I have seen a sealer for black oxide finishes that is supposed to increase the rust resistance too. I will have to check that out. You are welcome and I am glad that you like the design.
Thanks for your kind words. I am actually going to do a little run of these in stainless steel. But, I sure love how the liners on this knife contrast with the black.
Good looking finish Tim. I like the knife design too, looks very functional. Happy to see a safety warning at the start. After all, you sure don't want to wake up dead. Ain't nobody got time for that!
I tried it, followed your instructions pretty much to the letter and the knife came out great. I couldn't find the 3m brand cleaner anywhere, but I found basically the same thing in another brand, ACME Pink Glo. Abrasive blasted the knife first and did about 7 or 8 cycles. Thanks for the video, worked great.
+chevytrucking4754 Y'could use a 10 to 20 percent solution of sodium hydroxide (caustic soda) or about a table spoon of tri-sodium phosphate (TSP) in a couple of pints of hot water if you can't find anything that's premixed at the store. TSP is basically sugar soap concentrate
Great video Tim I am gonna have to give that a go seems like it would be a great protection against rust on the carbon steel. Thanks for another great tutorial btw I really like the new design really nice!
awesome vid Tim, will have to give i a go. got a dark finish by accident yestersay by mixing some gun blue (that I ruined by leaving the dabber in) and some ferric chloride.... Yeah yeah I know thats not the greatest idea but keep an eye open for an upload in a few hours :)
I use gun blueing sometimes too. It looks nice but is not quite as durable. Hot bluing works in a very similar fashion and is better than cold bluing. Have a great weekend.
Yes, you have to shape the handles carefully and then put them on. You can shape them and just leave the pins loose, or tack them with superglue in a few spots. Pop them off and then oxide finish.

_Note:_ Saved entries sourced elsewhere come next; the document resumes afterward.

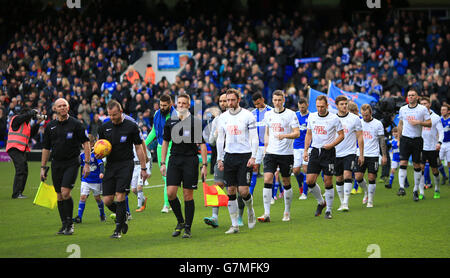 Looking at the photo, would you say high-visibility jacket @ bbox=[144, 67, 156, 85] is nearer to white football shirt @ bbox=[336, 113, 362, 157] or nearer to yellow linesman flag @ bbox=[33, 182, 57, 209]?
white football shirt @ bbox=[336, 113, 362, 157]

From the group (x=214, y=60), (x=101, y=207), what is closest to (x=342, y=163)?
(x=101, y=207)

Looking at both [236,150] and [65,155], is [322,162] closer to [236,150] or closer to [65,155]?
[236,150]

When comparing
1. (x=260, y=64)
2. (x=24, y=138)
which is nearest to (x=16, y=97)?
(x=260, y=64)

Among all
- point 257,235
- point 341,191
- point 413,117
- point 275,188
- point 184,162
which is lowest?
point 257,235

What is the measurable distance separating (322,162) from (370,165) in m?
2.64

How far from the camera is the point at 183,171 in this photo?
423 inches

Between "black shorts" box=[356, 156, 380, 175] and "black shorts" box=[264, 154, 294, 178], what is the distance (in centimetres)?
306

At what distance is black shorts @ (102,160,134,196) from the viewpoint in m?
10.5

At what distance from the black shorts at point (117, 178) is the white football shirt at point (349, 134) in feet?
16.3

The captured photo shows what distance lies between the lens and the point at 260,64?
29.2 meters

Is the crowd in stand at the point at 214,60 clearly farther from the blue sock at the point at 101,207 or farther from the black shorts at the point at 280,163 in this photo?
the black shorts at the point at 280,163

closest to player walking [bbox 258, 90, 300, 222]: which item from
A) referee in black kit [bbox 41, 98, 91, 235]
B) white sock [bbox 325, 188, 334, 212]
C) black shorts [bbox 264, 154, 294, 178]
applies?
black shorts [bbox 264, 154, 294, 178] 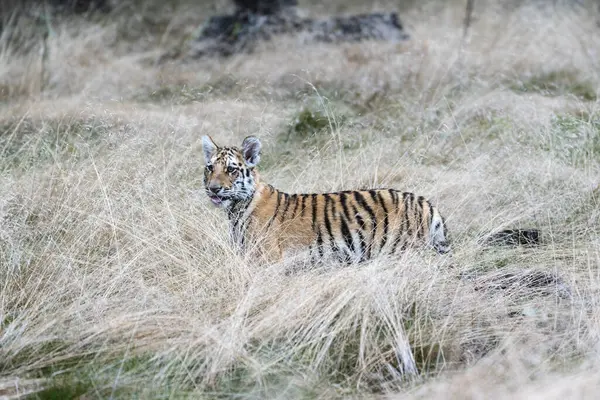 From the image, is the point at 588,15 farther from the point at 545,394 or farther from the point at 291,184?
the point at 545,394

are you running it hot while the blade is in? I'm working on a blade now that I'm going to try cold rust bluing on, like the old English gun bluing process.
Parabéns! Excelente vídeo. É muito bom você repassar este tipo de conhecimento em escurecer metais. Estou aqui no Brasil e encontrei seu vídeo, mais uma vez parabéns!

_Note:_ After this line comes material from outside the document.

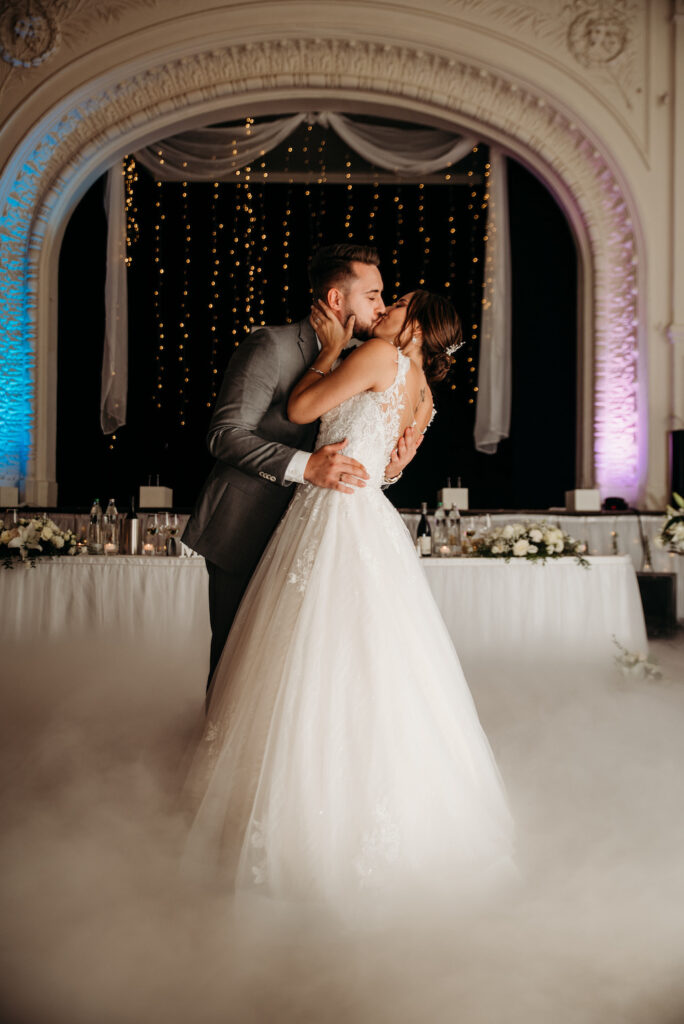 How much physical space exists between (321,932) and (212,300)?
8.17 m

I am not really sure. I have re-used it several times. You would get a light shade, but it would also be a little bit blotchy. Since the acid is mild and used as a bathroom cleaner, it is not a disposal problem since it is very diluted.

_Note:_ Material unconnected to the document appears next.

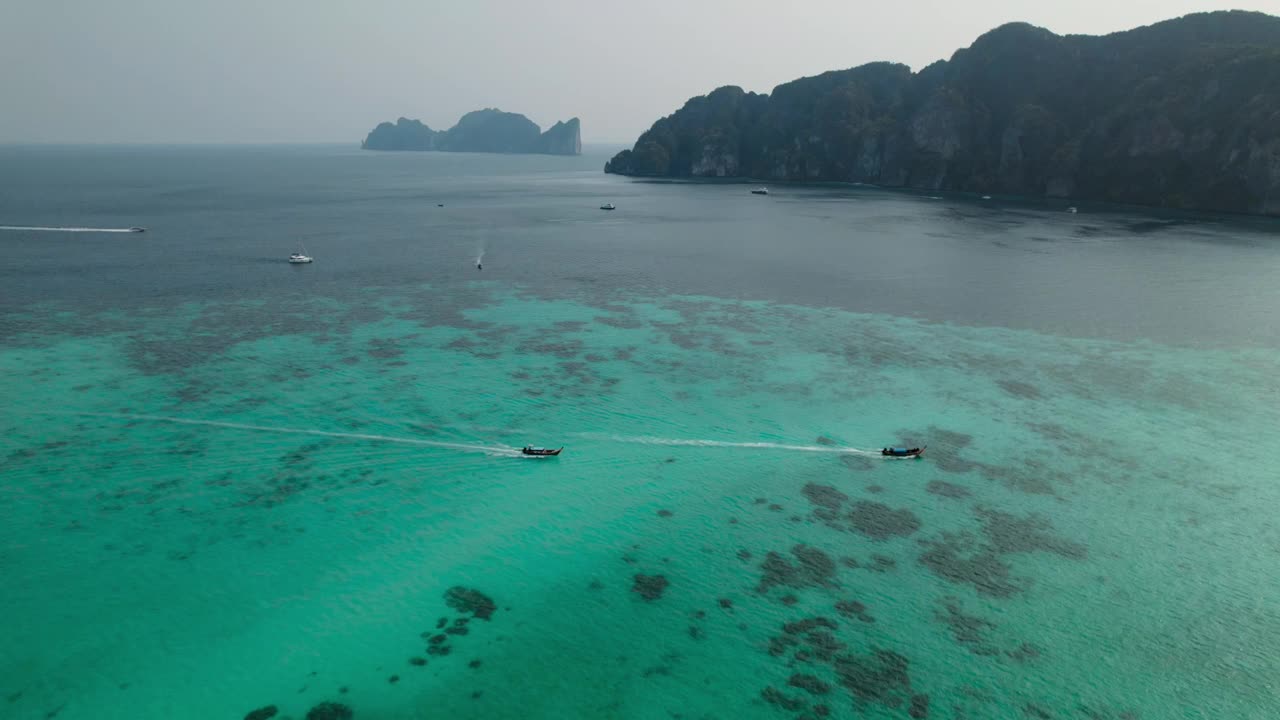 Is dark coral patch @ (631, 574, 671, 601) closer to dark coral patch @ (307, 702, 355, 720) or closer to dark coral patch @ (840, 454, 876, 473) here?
dark coral patch @ (307, 702, 355, 720)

I know that there are tool blackening compounds for stainless, I only meant that this formula will not work on stainless steel. Thanks very much for the info and kind words.
hey just wanted to let you know that in the beginning of the video where you stated you cant black oxide stainless steel, i work for a metal finishing company on the black oxide line and you actually can do any kind of steel including stainless steels. for stainless steels it requires some different chemicals due to the different metal composition.all in all good video.
All you do is etching the steel with the phosphoric acid. This is not a reliable and durable finish and not what is known as "parkerizing". That manganese dioxide didn't even dissolve in the solution (dioxides are not soluble in water or phosphoric acid). That's why you have to dunk and redunk to get a somehow blackish finish. A manganese parkerizing job is done in one session and not possible with phosphoric acid and manganese dioxide.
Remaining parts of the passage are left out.